K for Kaggle
What is Machine Learning?
Machine learning is a method that is focused on the development of computer programs that can access data and learn from it automatically, without human assistance or intervention. The entire machine learning concept is based on the assumption that we should give machines access to information and let them learn from it.
Intro to Kaggle:
Kaggle is a crowd-sourced platform to attract, nurture, train, and challenge data scientists from all around the world to solve data science, machine learning, and predictive analytics problems. Kaggle is like an Airbnb for Data Scientists – this is where they spend their nights and weekends. It enables data scientists and even students to engage in running machine learning contests, write and share code, and to host datasets.

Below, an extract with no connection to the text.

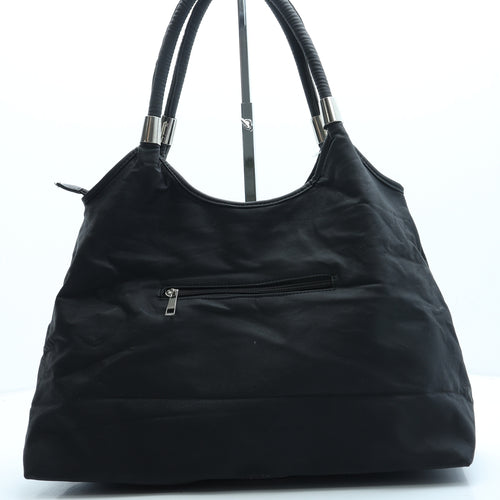 Angela West Womens Black Floral Leather Top Handle Bag Size Medium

The types of data science problems posted on Kaggle can be anything from attempting to predict cancer occurrence by examining patient records to analyzing sentiment to evoke by movie reviews and how this affects audience reaction.
While some competitions on Kaggle are just for educational purposes and fun brain exercises, others are genuine issues that companies are trying to solve. Kaggle maintains a leaderboard for every competition it holds and at the end of the competition, the winner is announced.
Prerequisites:
Well. Enthu is not sufficient here.
Python:
A good resource to start from scratch would be Python 3 programming by the University of Michigan. Although, You can skip the 5th Course in this specialization. This course does not dive into Machine Learning implementations, so it will be useful in general.
Note: Python has a lot of packages and unlike basic level C, it is difficult to remember everything. So, don’t try to remember the syntax completely. With time, you will develop the memory for the important ones. So, don’t forget Google!
Machine Learning:
Majorly you need to have a basic idea of the various algorithms used for different Machine Learning problems. Although you would just need a line to implement the algorithm by calling it from a package, there would be no value to your implementation if you don’t know what’s going on. So, to satisfy these needs Machine Learning by Stanford University on Coursera shall be sufficient.
People generally complain about the above course using Matlab for Programming Assignments while Python has become handier for Machine Learning. So, click here to have a look at a GitHub repository for the assignments in Python.
Do note: This course does not have explanations for all the algorithms you will need for Machine Learning. Although it will make you mature enough to understand new algorithms. So, whenever you come across a new algorithm, remember there is something called Google.
Micro-Courses:
So, Kaggle has this set of micro-courses which help you get started faster. Note: it’s kind of a crash course so that you would start implementing as too many courses will make this journey boring. These micro-courses shall give you a feeling of satisfaction after achieving the skill to implement in competitions. Also, they give you certificates [for people who think they hold value]. So, I have created a list of all the necessary and sufficient micro-courses in order:
Python [If you skipped the Prerequisites section :)]
Pandas
Data Visualization
Intro to Machine Learning
Intermediate Machine Learning
Feature Engineering
Machine Learning Explainability [You can skip this]
If you want to go through a complete course, you can go through the first 3 courses of this Applied Data Science with Python specialization.
Competitions:
The ‘getting started’ category of Kaggle Competitions are really helpful for beginners and a great way to start the journey of the competitions on Kaggle and here are the two most important ones:
Titanic: Machine Learning from Disaster
The competition is simple: use machine learning to create a classification model that predicts which passengers survived the Titanic shipwreck.
This being one of your first Competitions, this Kaggle kernel which is one of the top solutions for this competition shall surely help you in creating a plan and developing the ability to think.
Housing Prices Competition
This is a perfect competition for data science students who have completed an online course in machine learning and are looking to expand their skill set.
Practice Skills
Creative feature engineering
Advanced regression techniques like random forest and gradient boosting
Helpful Tips:
Looking at a top-rated notebook for Kaggle competitions is a great way for beginners to get started in the data science field.
Blog Posts and Articles are really a great source for developing and improving your skills.
There is a good chance that you can find inspiration here: http://ndres.me/kaggle-past-solutions/
It is a great compilation of Kaggle competition winners’ solutions.
What Next:
Explore more advanced competitions on Kaggle. Also check out famous data science blogs like Analytics Vidhya, Towards Data Science.
Do check this Google Tech Dev Guide, it is a great compilation of necessary articles and a step by step guide for your journey.
Once you are confident in dealing with Basic Regression and Classification type problems, you can explore different avenues such as Time Series, Natural Language Processing, Computer Vision, and Reinforcement Learning.
DISCLAIMER
Shaastra TechShots’ publications contain information, opinions and data that Shaastra TechShots considers to be accurate based on the date of their creation and verified sources available at that time. It does not constitute either a personalized opinion or a general opinion of Shaastra or IIT Madras. The information provided comes from the best sources, however, Shaastra TechShots cannot be held responsible for any errors or omissions that may emerge.